Tuesday, June 1, 2010

Lesson Time: Knowledge

I blog here about recent research or new angles to what people know about politics and public affairs or how they learn from the media.  Today it's lesson time, a quick primer on knowledge.  Cognitive scientists break knowledge into a number of categories.  I know, just typing cognitive scientists makes me want to take a nap, but hang in there and let's look at the different types of memory:

Episodic Memory -- events or personal information about ourselves, such as our birthday or hometown.  When we talk about memory in everyday life, this is the one we most often mean.
Semantic Memory -- how we store words and facts.   The how here is important.
Declarative Memory -- the system for retrieving the "whats" of our knowledge, such as who is our congressional representative.  Often what we measure in political knowledge tests.
Procedural Memory -- the system for retrieving the "hows" of our memory, such as how a bill becomes law.  It's really hard to study this system.

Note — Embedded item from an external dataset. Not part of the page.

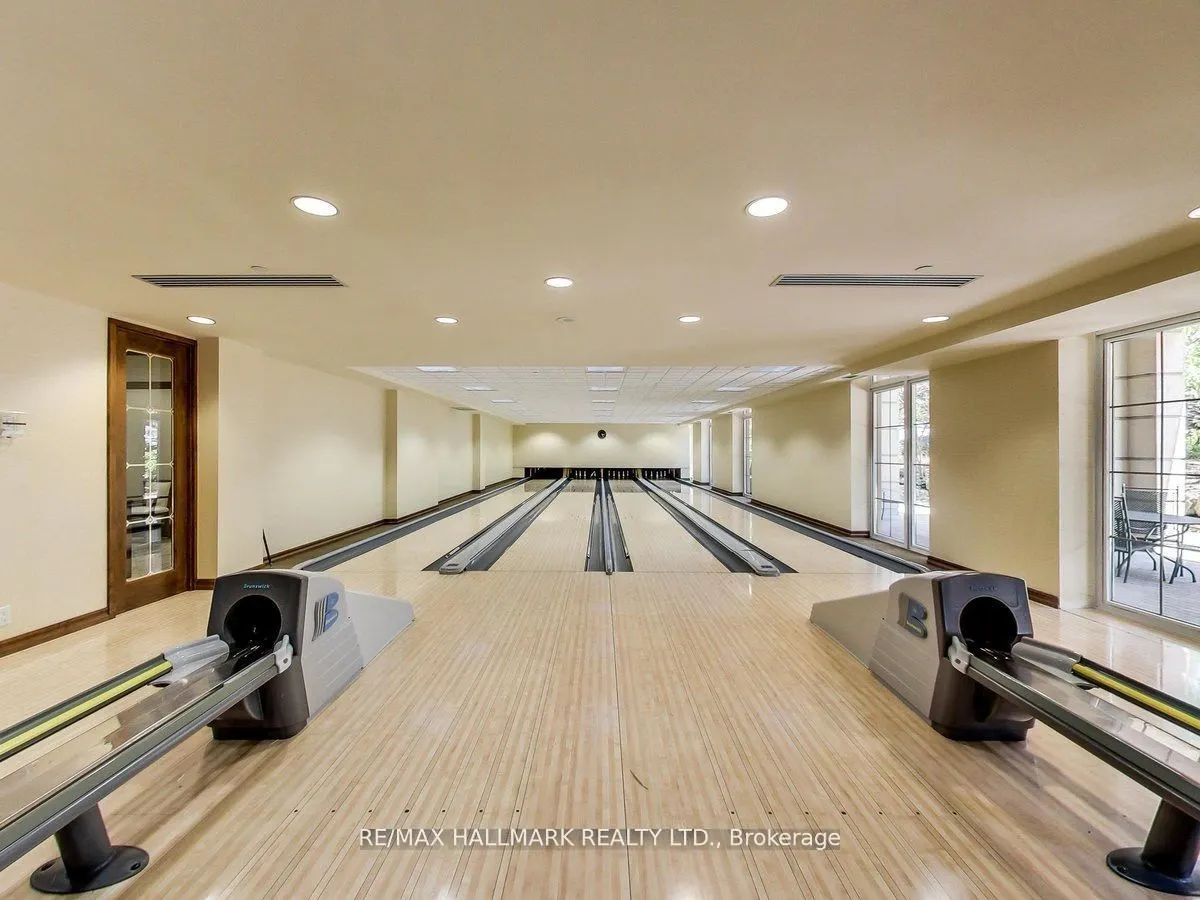 80 Harrison Garden Boulevard #1821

So why do these matter?  Because there is a long (in milliseconds) process involved here in retrieving stored information, and a lot can get in the way.  Imagine the typical text news story in inverted pyramid in which the most important, or more recent, information is presented first.  On the Louisiana oil spill, the lede today is about BP trying to divert some oil with another dome, but if you haven't been following the oil spill at all, the lede won't make a lot of sense to you.  There are no semantic details to draw from to make sense of a "most important or recent first" approach to newstelling.  This is where we -- the royal journalistic we -- fail to engage some readers, especially young ones with little background info.  And this is why television news often works best for people who don't know a lot about the news, because in part the way its structured, in part the way video is used to "ease" folks into the news.

Print, in other words, is for those who already have a clue.

This raises all kinds of interesting problems for those who provide print news.  But that's another post for another day.